An Uncommon Woman
Just a few nights back I was part of a group conversation in which, through machinations now lost to my memory, the topic of playwright Wendy Wasserstein came up. She is apparently best known for her Heidi Chronicles, but I first knew her — and think of her most fondly — in connection with her earlier play Uncommon Women and Others.
Oh, I remember now! We were eating with a group of 10 or so when one of the people accidentally tapped her crystal stemware with a knife. All conversation stopped to wait for her announcement. I flashed on "Announcement! Announcement!" as a moment from Uncommon Women, a line that kept coming out of the mouth of one of the women characters. I smiled.

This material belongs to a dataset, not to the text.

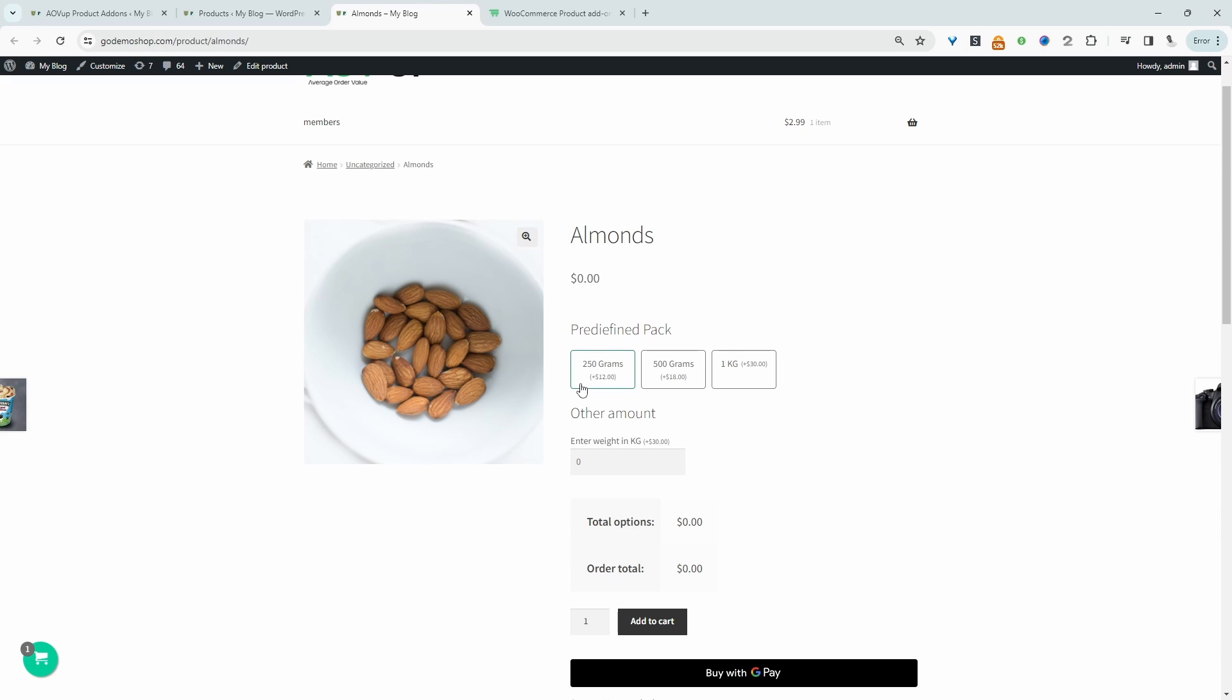For example, I'll show you how you can add predefined pricing options for your customers similar to this one here, or we can even allow them to enter in a custom amount in kg and then charge them accordingly for it.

The play was set against the last year of "gracious living" at Mt Holyoke College, alma mater of Emily Dickenson, in various spots around a group residence for young women at the school. I don't know that the theme, or themes, of the play, mostly dealing with how these young women matured into, well, mature women was terribly profound. Nevertheless, the play always seemed to me to capture a lot of truth in two memorable and very funny acts.
I saw the play first on television years ago (a production on PBS). I also saw the play performed when I was doing graduate research at Duke, c. 1980. I enjoyed it immensely each time, and I like the memories of it that I have, and I find large chunks of it surprisingly memorable.
How odd it seems then, that Ms. Wasserstein should pop into my conversational stream so close to one year after her death, as I was reminded by this nice remembrance by Michelle Fiordaliso.